Virtualization Journal
In the News  |  02/02/2012
- Srinivas Ramanathan

Performance management in virtualized environments

Virtualization technologies have changed the ground rules on monitoring and managing your IT services.

Most of us in the IT operations world tend to focus on the nuts and bolts of the infrastructure - our key concerns are: How hot are my Linux servers? How many IOPS are happening to the disks? Is Active Directory working? Is DNS working, etc.?

On the other hand, end users are focused on the business services that they are accessing. After all, that's what they see and care about to get their jobs done. So a user complaint always relates to the service - bill payment is not working, my CRM service is slow, my online reservation crashed, etc.

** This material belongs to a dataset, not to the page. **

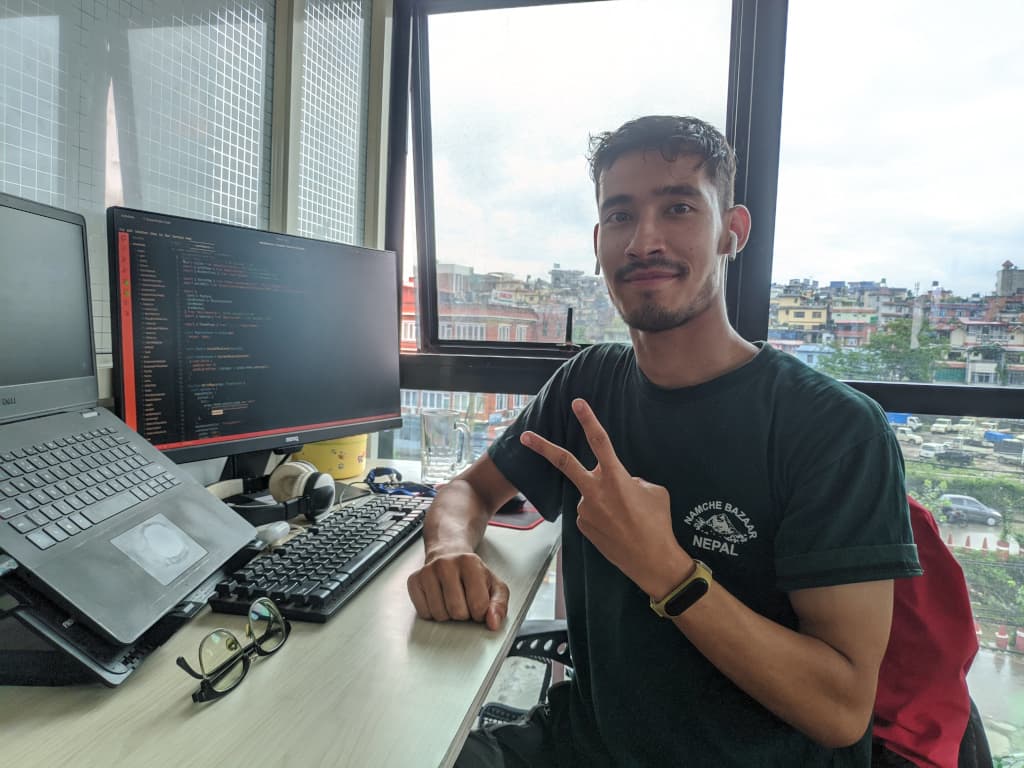 software developer anish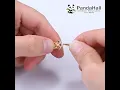 Download Lagu Guide to Use Bayonet Clasps (STAS-P224-06G) #pandahall #diy #jewelrymaking #jewelryfindings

Clearly, there is a disconnect between the end users with their focus on the business and the IT operations staff with their IT focus. This disconnect threatens the success of any IT infrastructure transformation initiative to deliver on the user experience and ROI promise. The disconnect is partly caused by the way IT operations teams are organized and managed. A single business service involves multiple infrastructure silos - the firewall tier, the web server tier, the database tier, the server tier, the application tier, and so on. Virtualization is yet another tier added to the mix.

In most organizations, these tiers are staffed by different administrators. These administrators use different, independent tools for administering and monitoring their silos. When a user calls and complains about a service slowdown, very often IT ?using a variety of separate silo tools ? cannot quickly diagnose the problem.

The IT service manager then often has to guess where the problem originates - is it the network, database, application, storage, or the virtualization tiers? Finding the root-cause of the problem is the first step to remediating the problem in order to bring the service back to normal. Often, troubleshooting is the most time-consuming and expensive step in the incident management process.

Finding the root-cause of a problem, especially in a virtual infrastructure, is easier said than done. Here's why: let's take the example of a business service delivered over a typical multi-tier infrastructure - the user on the left-hand side connects through a firewall to a web server. The user request is forwarded to a middleware application tier, which then uses a database server to service the request. Suppose the database tier has become 50% slower than normal? Since the application server depends on the database, a slowdown of the database impacts the application server. In turn, the application server problem impacts the web server and, ultimately, the user experience.

Evidently, a single problem in one tier can impact all the other tiers and the IT service manager then has to determine where the problem originated. If all the applications were hosted on physical servers, using the inter-dependency information, we could have fairly quickly concluded that the database tier is the root-cause of the problem.

Let's now look at how the use of virtualization makes the diagnosis problem more challenging. Suppose the virtualized Oracle database server from the previous example is hosted on the same physical machine as a virtualized Citrix and a media server. If suddenly there are a lot of requests to stream videos from the media server, this can cause a lot of requests to the server's disk, choking the physical server. This in turn will impact the performance of the virtualized database server sharing the same physical resource, and result in poor performance for database queries.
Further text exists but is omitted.